COPY A, B, N |loop: BRZ N, end
               |      DEC N
               |      LOAD (A)
               |      STORE (B)
               |      INC A
               |      INC B
               |      GOTO loop
               |end:  NOP

The instruction set we defined at the beginning is universal because we can implement a simulation of any Turing machine. The code for the simulator can be written using the primitive instructions and the tape can be simulated by a contiguous region of memory which can be referenced using a pointer (indirect addressing). Note that since Turing machines with a tape infinite in only one direction are equivalent to the standard ones, we do not have any problem

Page 760

by restricting the simulated tape to extend in only one direction in memory [Minsky 67].

We can even drop one instruction: CLR is unnecessary. If we take care of initializing address Z to 0 (as part of the program load phase), we can substitute CLR by "LOAD Z". If we don't want to initialize the memory in this way we can increment the accumulator until it becomes zero (testing this condition at each iteration):

CLR A|loop: BRZ A, end
       |INC A
       |GOTO loop
       |end: NOP

We can store this initial zero at address 0 and use it thereafter.

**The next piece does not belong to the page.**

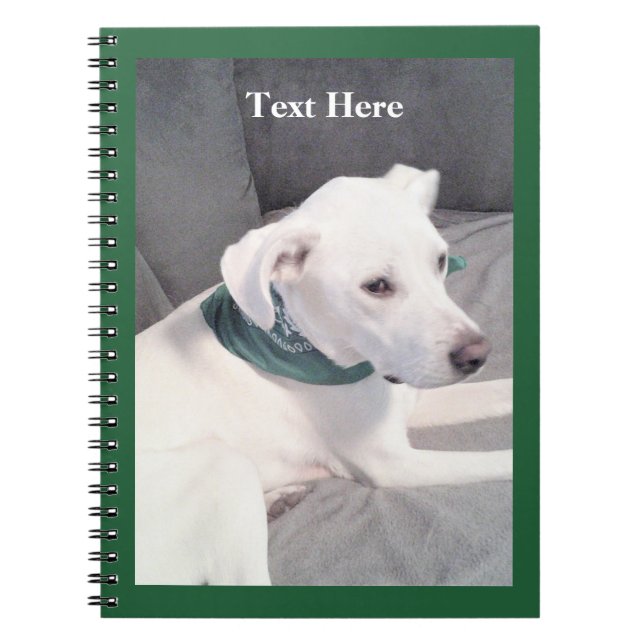 Cuaderno Cachorro blanco lindo perro verde espalda a la esc (Frente)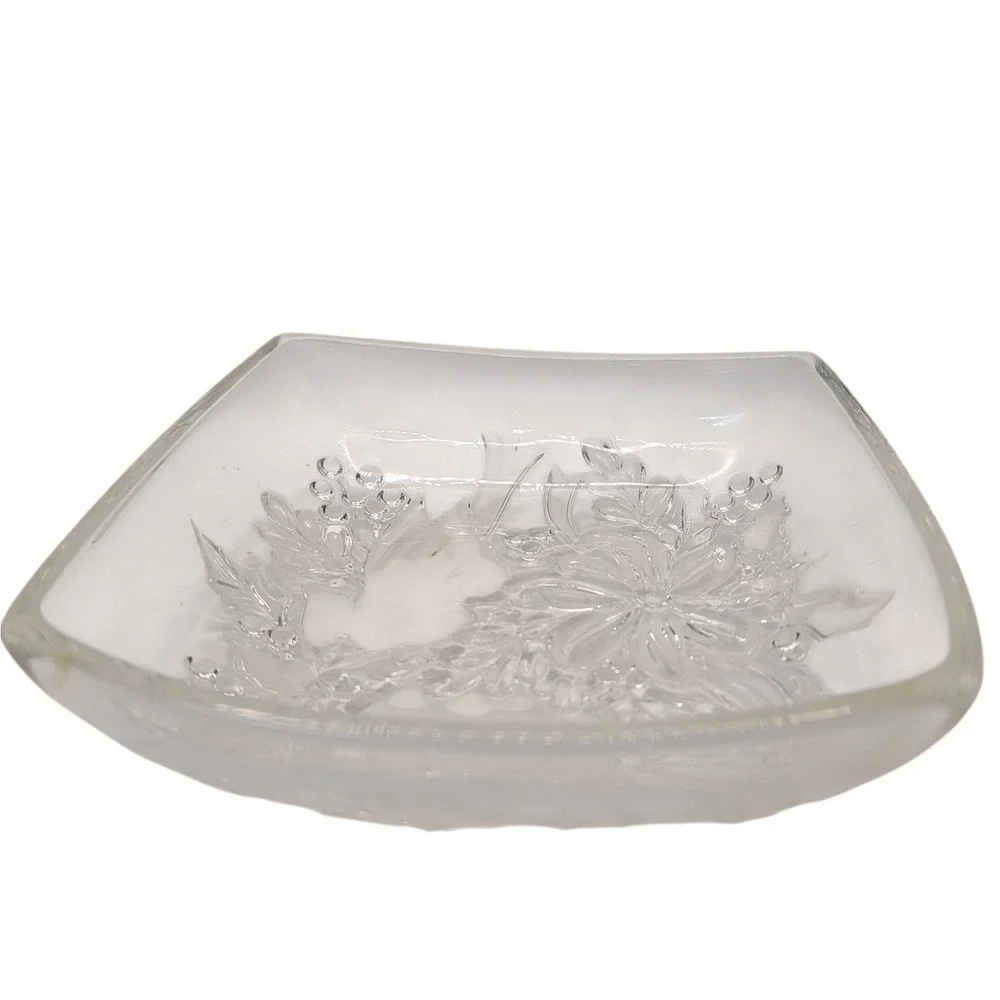 Vintage Gorham Crystal Square Bowl Dish Etched Cardinals Christmas Holly‎ Ribbon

4 Problems of the Computing Model

There is one main difficulty with the instruction set mentioned above and it has to do with memory addressing. A Turing machine consists of an unbounded storage tape. There is no addressing problem in this case because the read-write head moves to the left or to the right as necessary. However, in our architecture the absolute address is stored in the address field of each instruction, so that no unbounded memory space can be referenced. If the data size grows beyond the addressable space, the number of bits for each memory word has to be increased, that is, the processor is not fixed in size and can vary according to the problem at hand.

The solution to this difficulty is to use relative addressing. The address in the address field refers then to the current instruction address plus a two's complement offset, stored in the address field of the instruction. The limited size of the address field means that only a certain region around the current instruction can be addressed.

If we now want to simulate a Turing machine, we cannot refer to the storage tape using absolute addresses. If the stored data grows beyond the addressable space, we have to implement a branch to a region in memory closer to the last storage cell. The program must run behind the data being stored in the simulated tape.

Figure 1 shows our solution. A piece of code for the simulation of a universal Turing machine (called TM in the figure) alternates with two fields used to store the i-th bit of the storage tape and the current state of the Turing machine. Moving the read-write head to the right means that the next storage bit is the (i + 1)-th. The simulation jumps to the code below and continues executing. In this way the current bit in the storage tape is never too far away from the instructions being executed. Note that the code for the universal TM has a constant size since its state and output tables have a fixed number of entries.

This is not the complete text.